Al llegar a donde estaba el coche de alquiler, Darcy le dio una dirección al cochero y subió. Mientras el vehículo recorría las calles, arrojó su sombrero y sus guantes sobre el gastado asiento de cuero y se frotó primero los ojos y luego toda la cara. Se recostó contra los cojines del respaldo, estiró las piernas y evaluó la situación. ¡Los había encontrado! La triste miseria del lugar en el que estaban era suficiente para deprimir al más optimista de los hombres, y Wickham no formaba parte de ese feliz grupo. Pero Darcy estaba seguro de que se sentía cada vez más impaciente por tener que marginarse de la vida que ansiaba y estaba desesperado por encontrar una manera de alcanzar otra vez la suficiente respetabilidad para disfrutar de esa vida. ¿Serían suficientes para tentar a Wickham las condiciones que le había propuesto? Parecía que sí; al menos de momento. Cuando pasara todo aquello, era probable que el simple hecho de tener el control de sus deudas pendiendo sobre su cabeza lo hiciera mantenerse en el camino correcto.

Cerró los ojos y dejó escapar un gran suspiro. A pesar de que las condiciones resultaban bastante onerosas para Wickham, la verdad era que el hecho de que el hombre hubiese aceptado su oferta de comprar todas sus deudas y las medidas que habría que tomar para garantizar los términos del acuerdo lo atarían a él durante el resto de su vida. Darcy lo sabía desde el principio y el desagrado que esto le producía había despertado su antipatía latente, a pesar de todos los esfuerzos por tener una actitud adecuada a la importancia de aquel empeño. Pero luego, al ver todo aquello -el egoísmo y la actitud desafiante e infantil de Lydia Bennet, la bravata de Wickham, que mostraba su absoluta falta de conciencia-, Darcy había sentido brotar dentro de él una inesperada compasión, y la suave lluvia de la clemencia había hecho desvanecer lo que la rabia y el orgullo no habían podido lograr. Había llegado a un acuerdo. Era un comienzo que permitía albergar un poco de esperanza.

¡Esperanza! La atención de Darcy se fijó ahora en esa dulce presencia que había en su corazón, para quien significaría tanto esta esperanza… Elizabeth. Si pudiera aliviar su sufrimiento asegurándole que había encontrado a su hermana y que ya se estaban trazando los planes para garantizar su regreso. ¡Lo que debía de estar pasando día tras día, mientras esperaba que le llegara alguna noticia!

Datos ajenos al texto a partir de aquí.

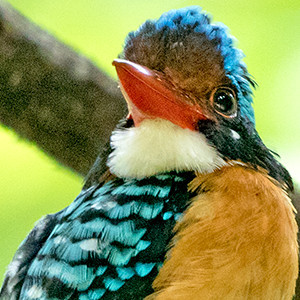 Bornean Banded Kingfisher (Lacedo melanops) Male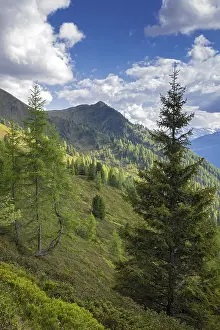 Mountain landscape in spring with European larches and spruces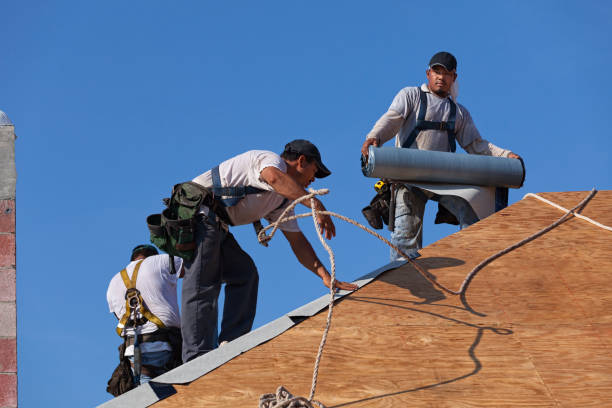 Gutter Installation and Roofing in La Follette, TN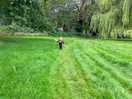 Peaceful countryside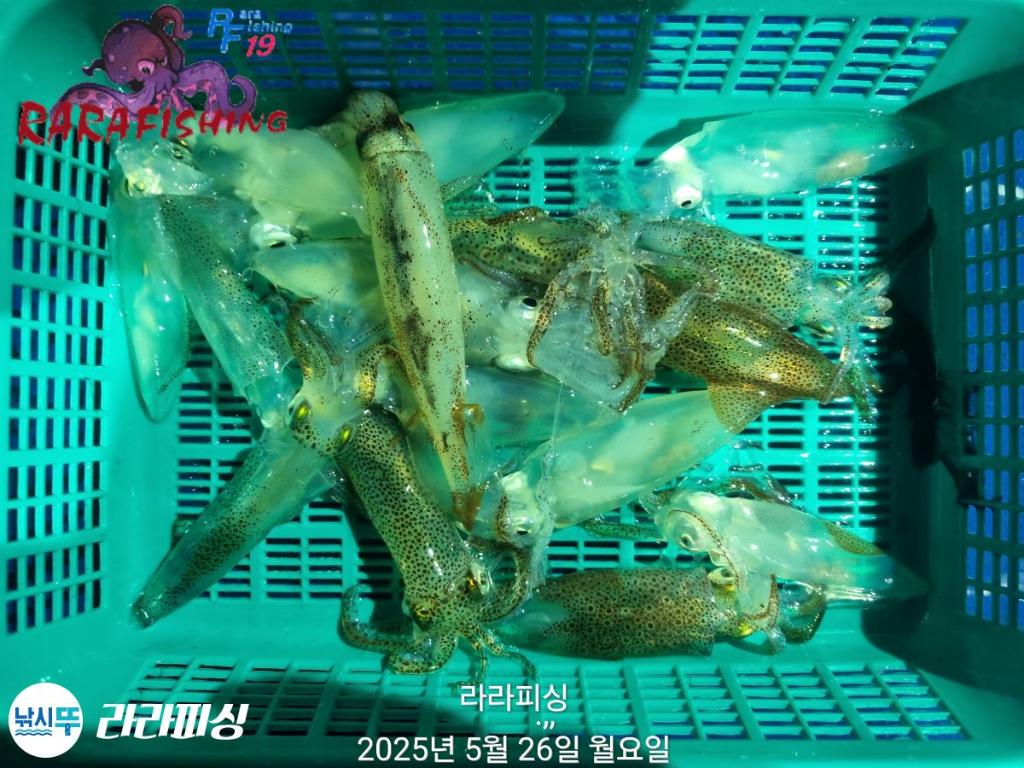 F2683097IE.jpg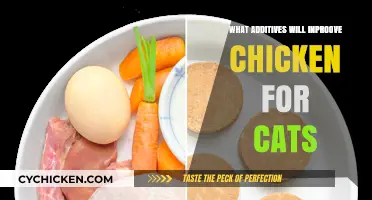 Enhance Your Cat's Chicken Diet: Top Additives for Optimal Health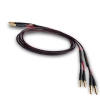 Audience OHNO III Speaker Cables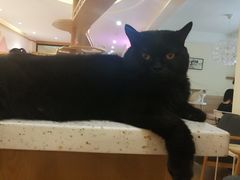 -滚猫咖啡·猫咖·猫友好撸猫(未来城店)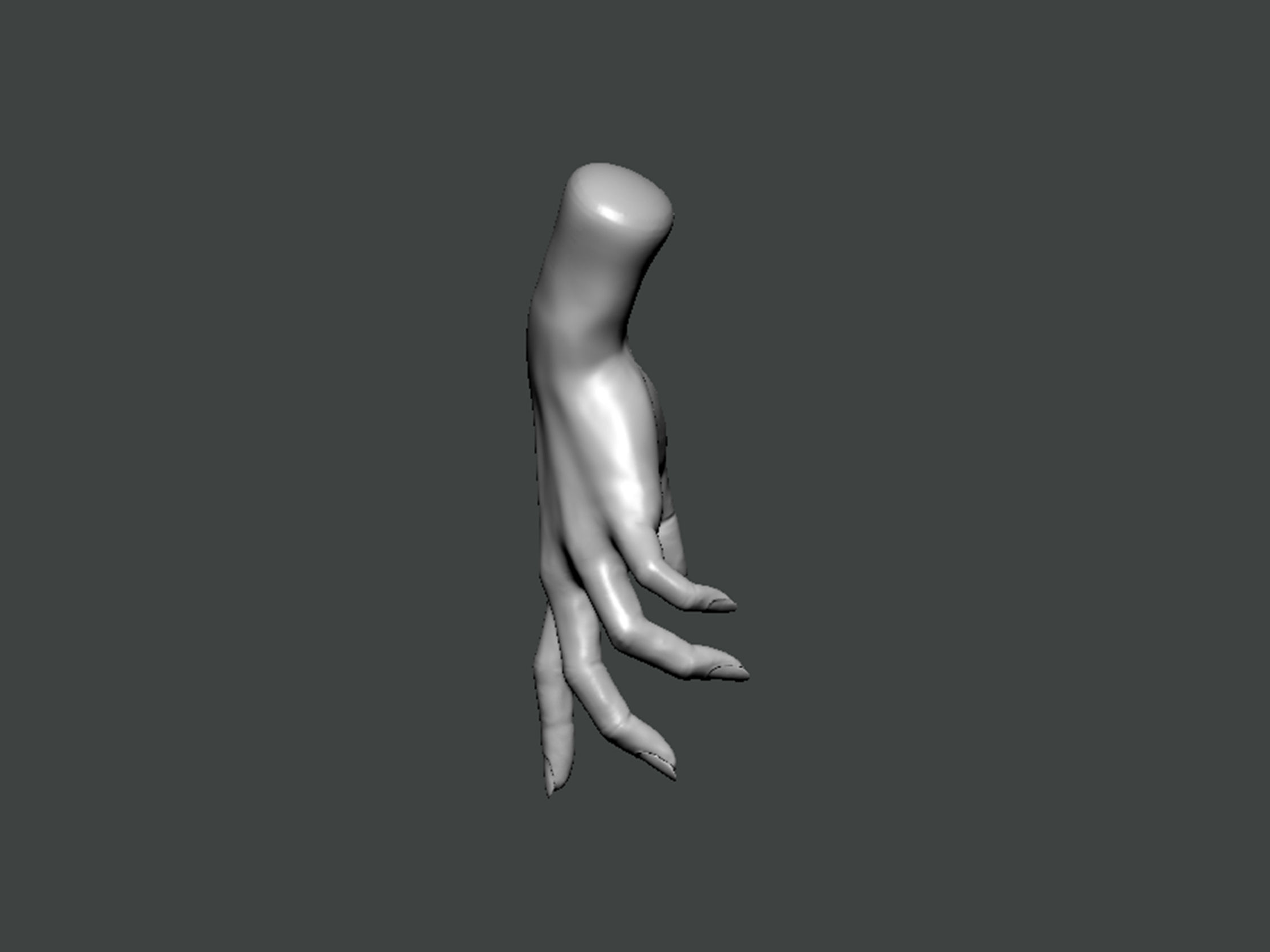 3D Model-HAND0020 hand 3D print model_2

– Pronto -le prometió Darcy con voz suave en medio de la penumbra del carruaje-. Pronto.

El vehículo se detuvo frente al cuartel de oficiales de la Real Guardia Montada de su majestad y, cuando el cochero se bajó para abrir la portezuela, Darcy sacó una tarjeta del tarjetero que guardaba en el bolsillo del chaleco. Se la entregó al hombre y le pidió que se la llevara al oficial de guardia y preguntara por el paradero del coronel Fitzwilliam. En menos de cinco minutos, Darcy sabía exactamente dónde estaba su primo.

– ¡Por Dios, Fitz! ¿Qué estás haciendo aquí y montado en eso? -Darcy se rió al ver el gesto de desaprobación de Richard, mientras su primo le abría la portezuela del carruaje y bajaba él mismo la escalerilla. ¡Era estupendo volver a reír!-. Toma, coge tu sombrero, por favor, y ¡asegúrate de sacudirlo!

– ¡Por favor no ofendas a mi cochero! -le advirtió Darcy con un guiño-. Es un hombre extraordinariamente valiente y fiel a su palabra. -Se volvió hacia el hombre y le puso en la mano tres veces más de la tarifa habitual, mirándole directamente a los ojos-. Le estoy muy agradecido.

– Gracias, patrón… Ah, señor. -El hombre se sonrojó y, bajando la cabeza mientras retrocedía, se subió de nuevo a su pescante y se marchó.

Darcy dio media vuelta y vio a su primo mirándolo con total incredulidad. Le puso una mano en el hombro y dijo:

– Ven, ya he encontrado a Wickham y necesito tu ayuda. ¿Dónde podemos hablar?